New 3D scaffold can transform cells to muscle
Melbourne: In a breakthrough, Australian scientists have successfully produced a 3D material that mimics nature to transform cells into muscle.
The advance offers hope to people suffering from injuries where their muscles cannot repair themselves due to trauma or disease, researchers said. The team at RMIT University in Australia combined lab-made peptides with natural proteins and polymers to create a 3D "hydrogel scaffold".
They have for the first time incorporated the natural processes of embryonic development to build a material that can more naturally communicate with stem cells for effective tissue repair.
The scaffold uses natural mechanisms to incorporate signals found in the natural developmental environment to support and engineer stem cells into muscle fibre.
"Our stem cells are at their best during development, where a scaffold drives them to produce all our tissues and organs; yet as people grow and age, they lose this ability and get a build-up of undesirable structures," said Richard Williams from RMIT University.

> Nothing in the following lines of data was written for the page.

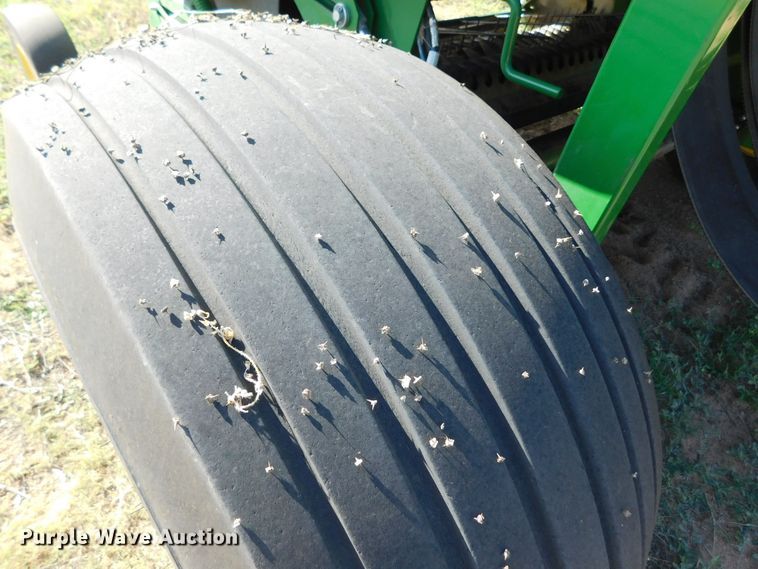 image for item DJ7675 2019 John Deere 560M  round baler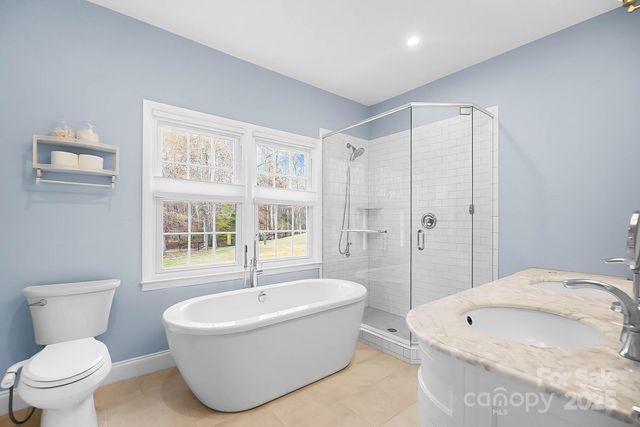 10915 Tara Oaks Drive, Charlotte, NC 28227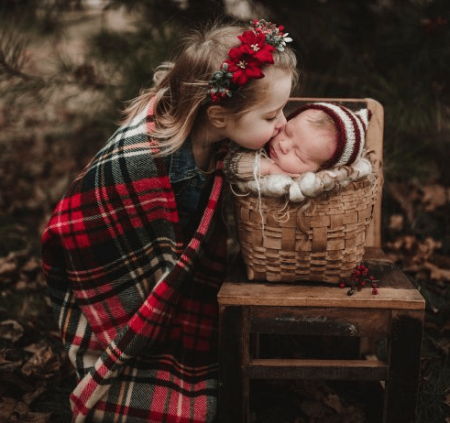 Twig & Olive Photography - Newborn Outdoor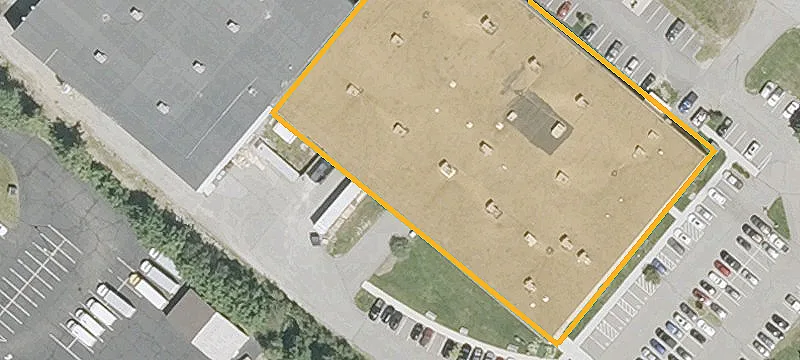 2 Riverside Dr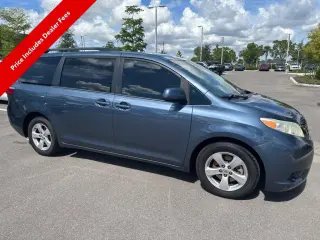 Toyota Sienna 2017 LE 7-Pasajeros Asiento de Acceso Automático 4dr Mini-Van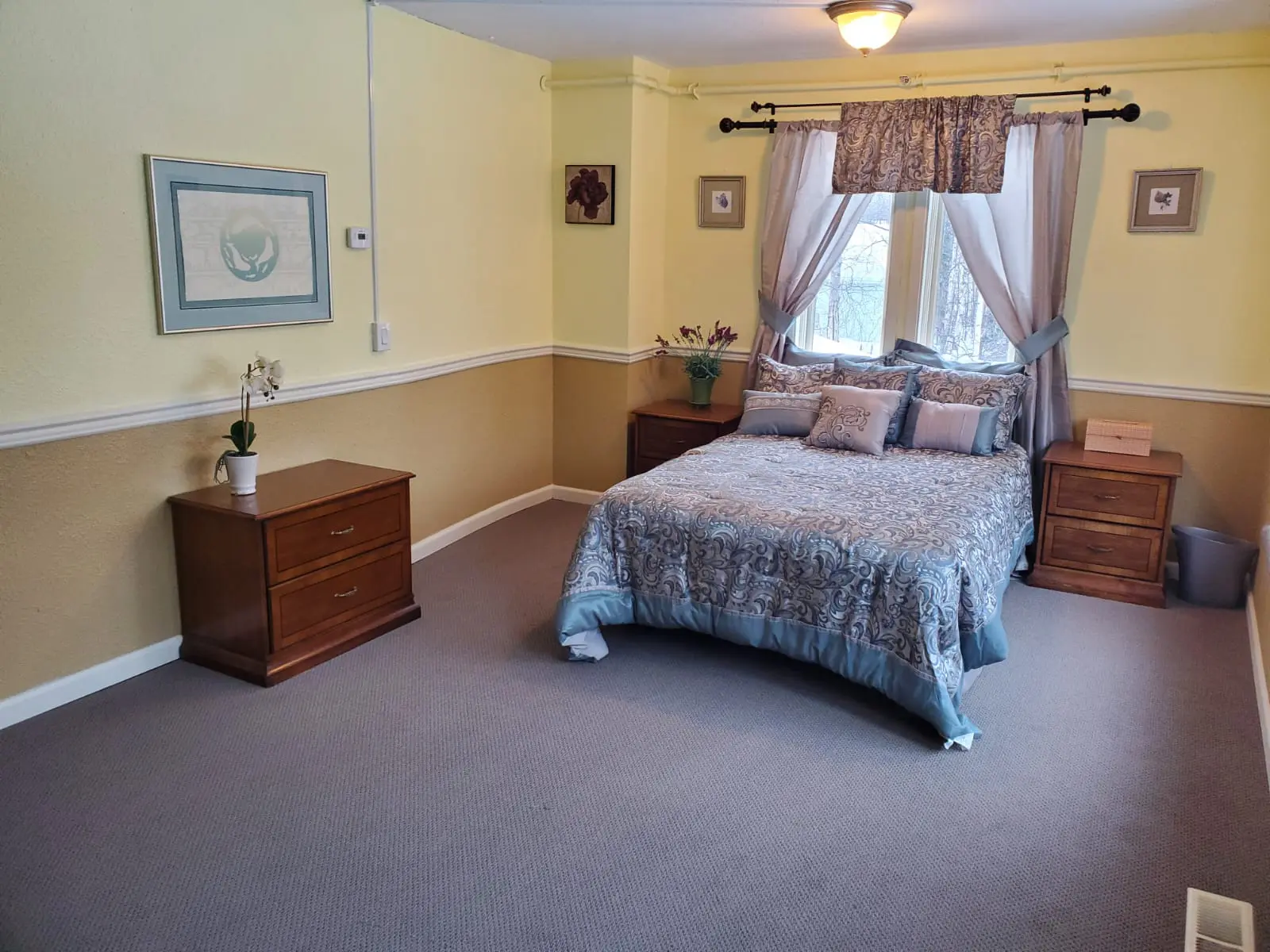 Briarrosealf bedroom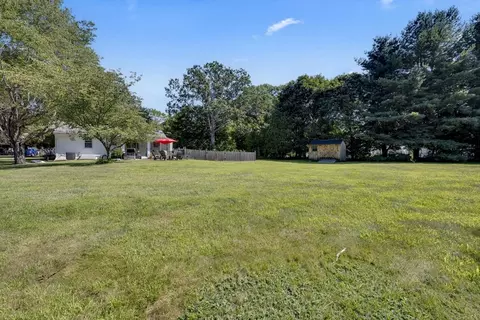 Exterior - 25 Pullard Rd, Grafton, MA 01519 photo 5 of 10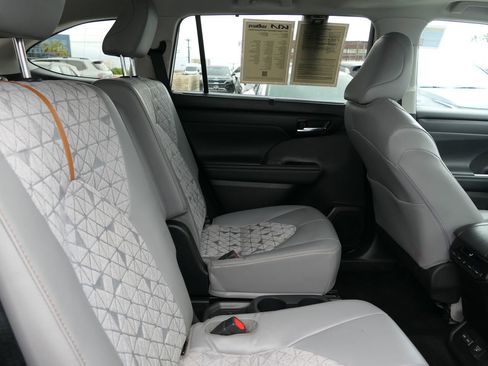 Used 2022 Toyota Highlander Bronze Edition image 24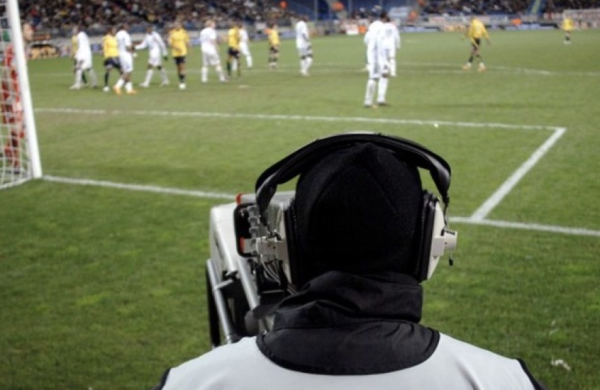 D1: les footballeuses jouent sur «des terrains pas adaptés» pour la retransmission TV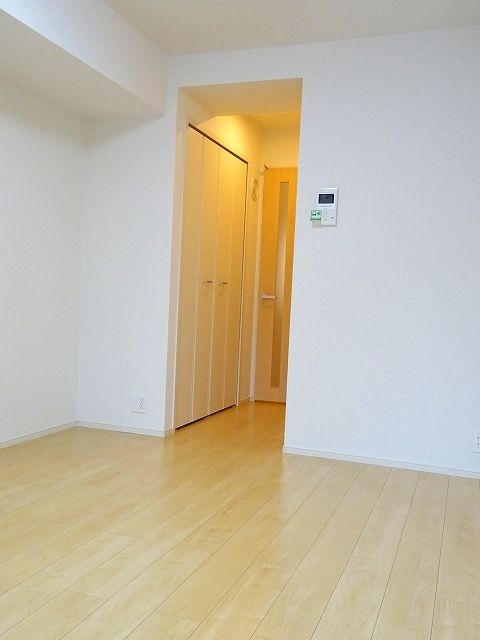 プラシードCOCOIIの居間写真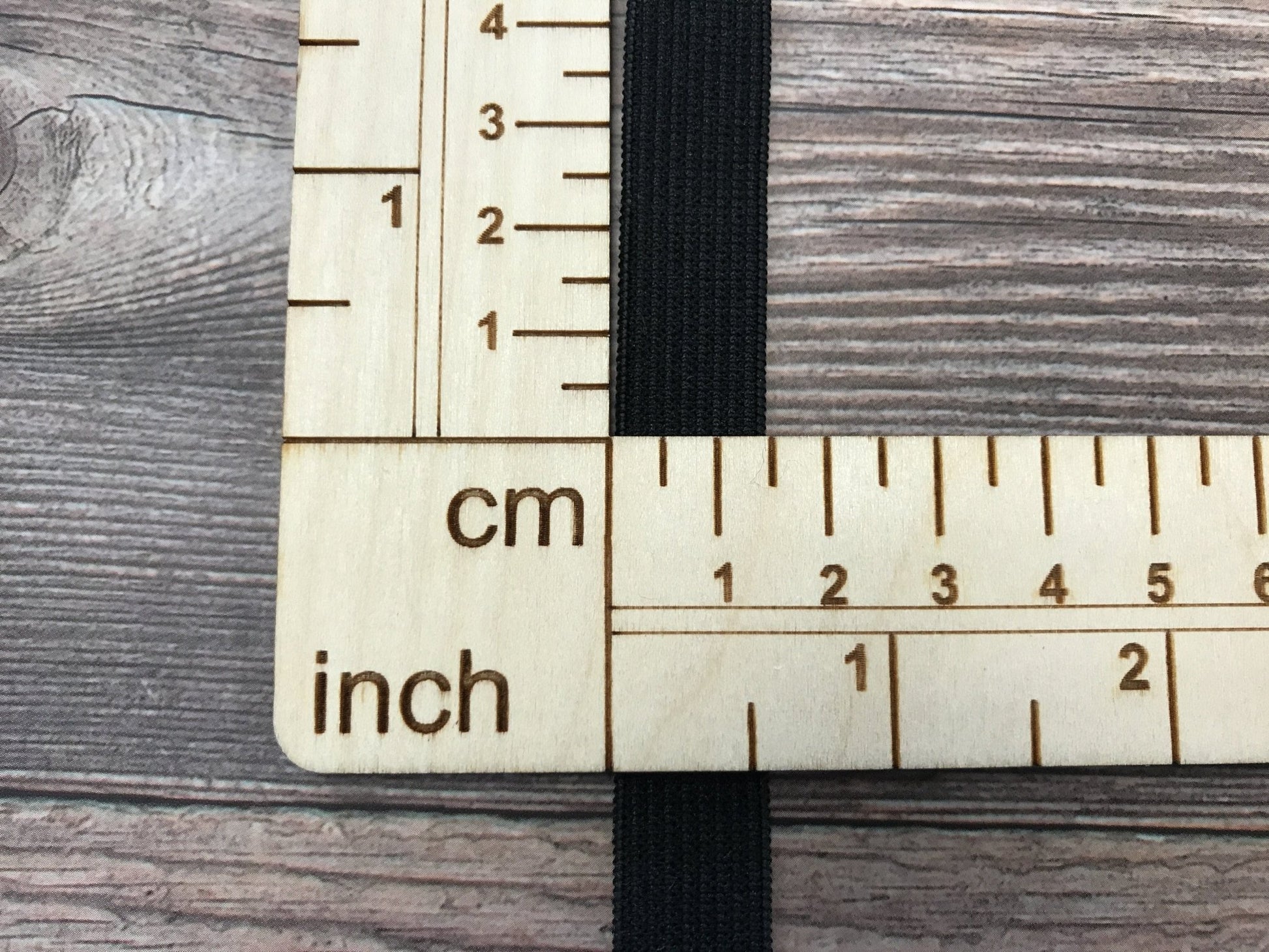 Élastique plat noir-1,5 cm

There is a real need for ways to repair and replace parts of the body as they wear out or become damaged, particularly as our population is now living longer, researchers said.
"Essentially, we make a scaffold that sends healthy signals to the cells to reorganise themselves to start to grow the small fibres that make up a healthy muscle," said Williams, who led the study published in the journal Biomacromolecules.
"It's like travelling back in time when our potential for tissue development and repair was at its best," he said.
Williams said it is a "simple process" to deliver complex structures inspired by the way nature pieces structures together during development, starting with only two cells.
"We have developed a simple, cheap, yet powerful toolkit that encourages different environments to let different tissues grow," he said.